RECORDS FOR THE EXERCISE:
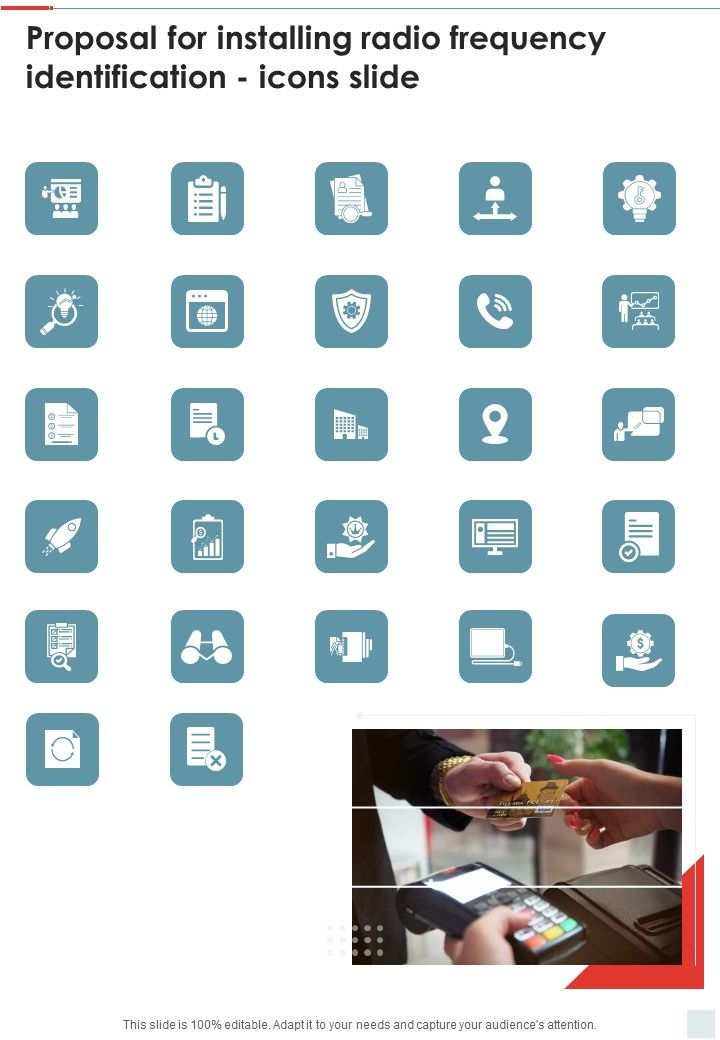 Proposal For Installing Radio Frequency Identification Icons Slide One Pager Sample Example Document Slide01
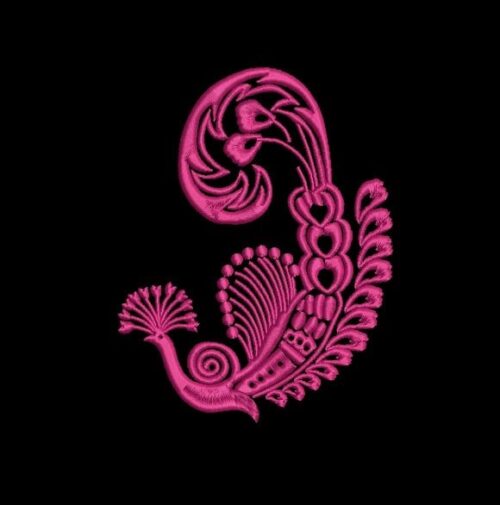 Matriz De Bordado Pavão Para Bordar.
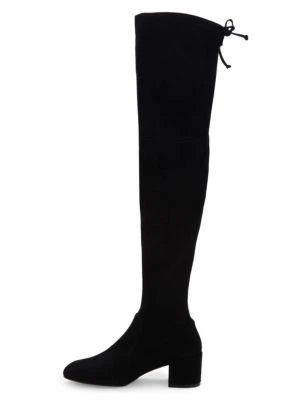 商品Stuart Weitzman|Odene Suede Knee-High Boots,价格¥2074,第4张图片详细描述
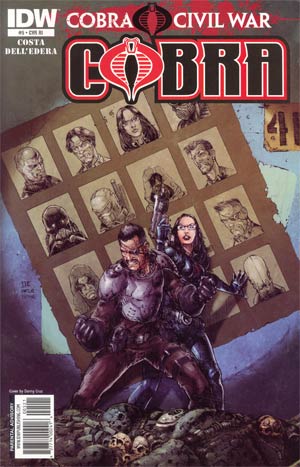 Cobra #5 Incentive Danny Cruz Days Of Future Past Tribute Variant Cover (Cobra Civil War Tie-In)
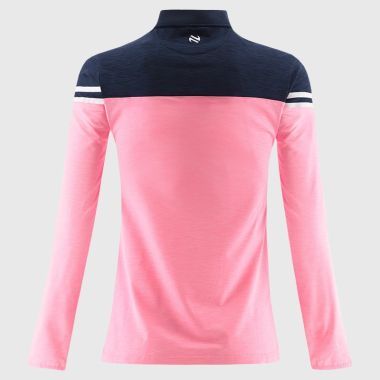 O'Neills Antrim GAA Women's Sedona Brushed Half Zip Top Pink / Marine / White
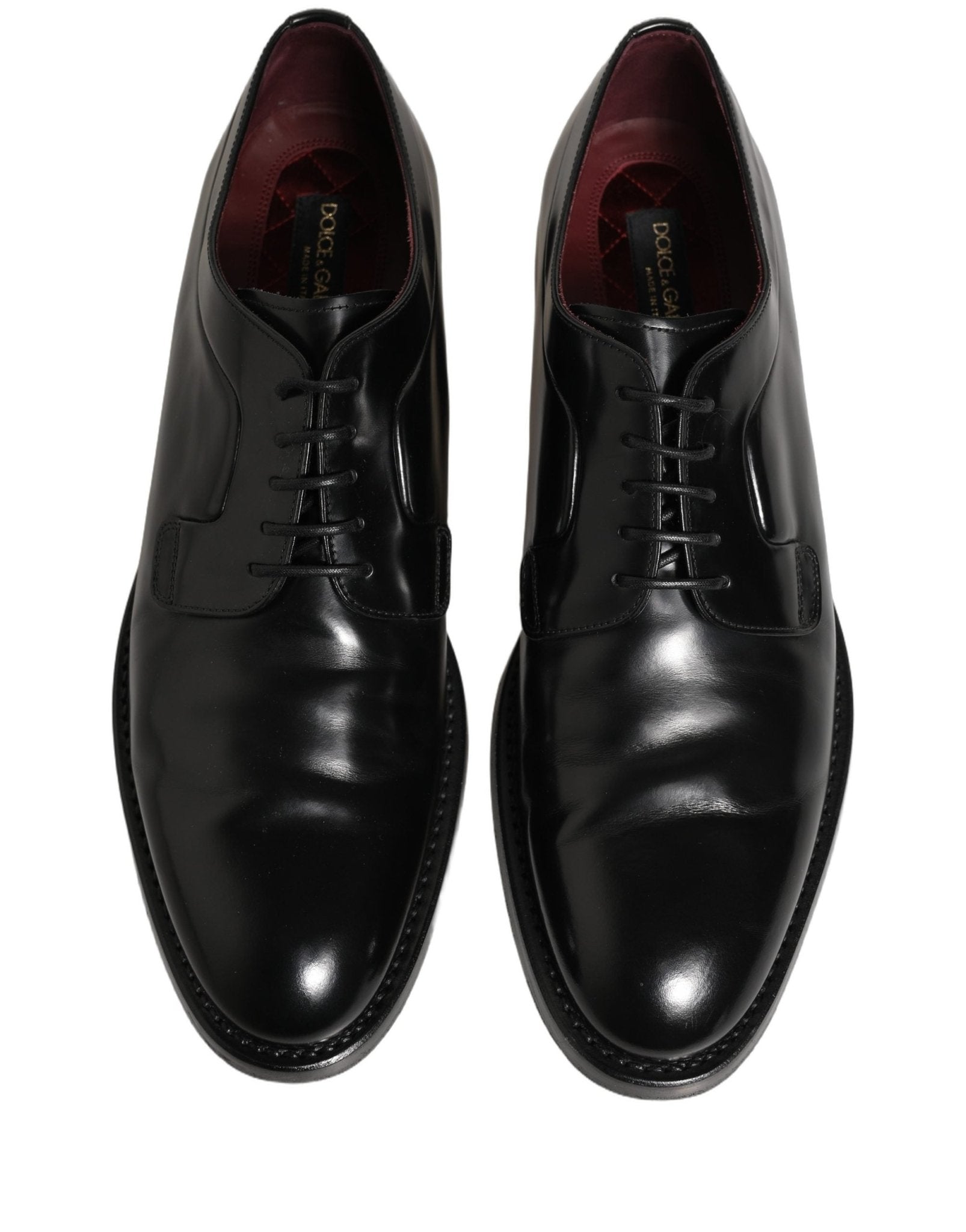 Dolce & Gabbana Black Leather Derby Dress Men Formal Shoes - RIMODA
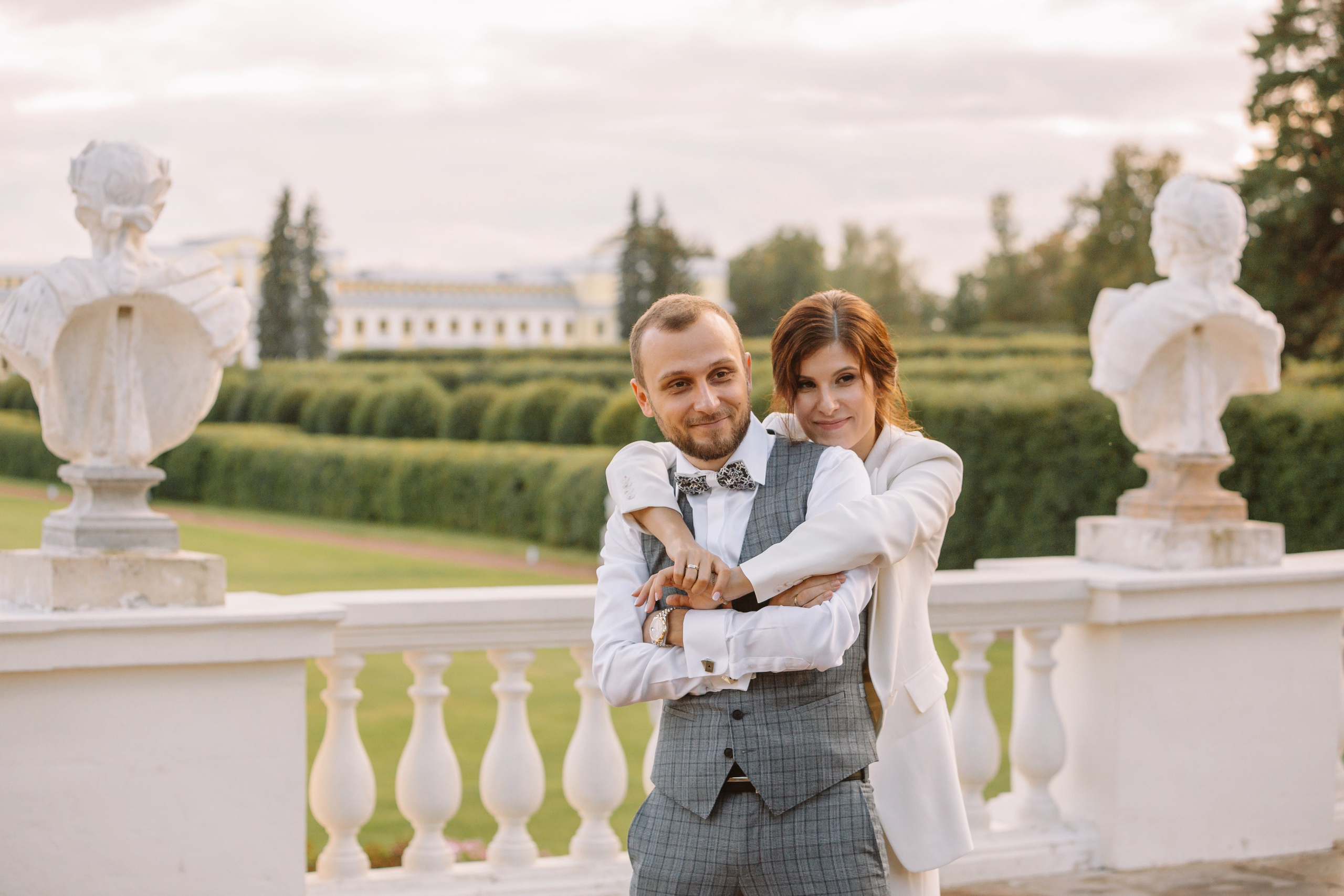 Свадебная фотосессия Давида и Марины в усадьбе Архангельское. Фотограф и видеограф Анна Домашенко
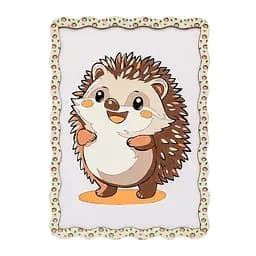 Детский набор для росписи по дереву "Їжачок" Puz-22947 формат А4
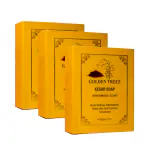 GOLDEN TREEZ Natural Handmade Saffron Soap/Kesar Soap For Glowing Skin And Skin Brightening , 115 Gram (Pack of 3)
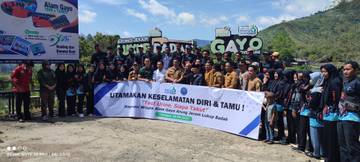Sebanyak 60 Anggota Koperasi Arung Jeram Lukup Badak Dites Urine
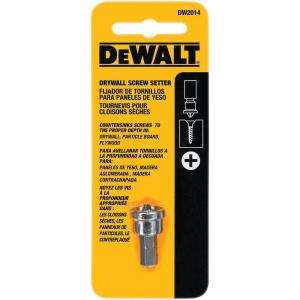 DEWALT Tool Steel Drywall Screw Setter DW2014 Z 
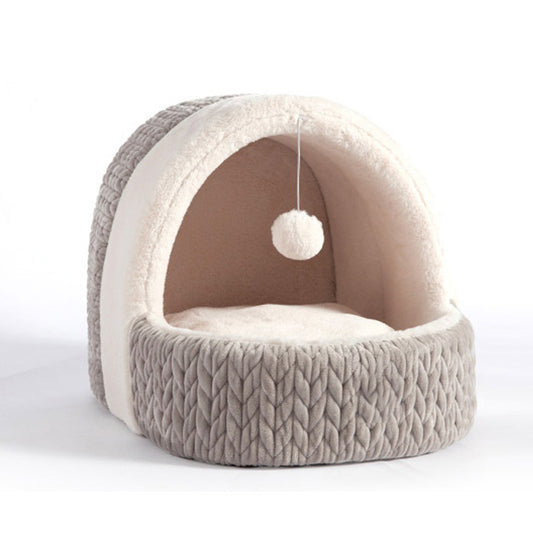 Four Seasons Universal Cat Bed Semi-enclosed House Dog Kennel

EXERCISE: Restate, word for word, each line from the line containing "GOLDEN TREEZ Natural" through the end of the entries above; the pictures are not part of the copy.

SOLVED EXERCISE:
 GOLDEN TREEZ Natural Handmade Saffron Soap/Kesar Soap For Glowing Skin And Skin Brightening , 115 Gram (Pack of 3)
Sebanyak 60 Anggota Koperasi Arung Jeram Lukup Badak Dites Urine
 DEWALT Tool Steel Drywall Screw Setter DW2014 Z 
 Four Seasons Universal Cat Bed Semi-enclosed House Dog Kennel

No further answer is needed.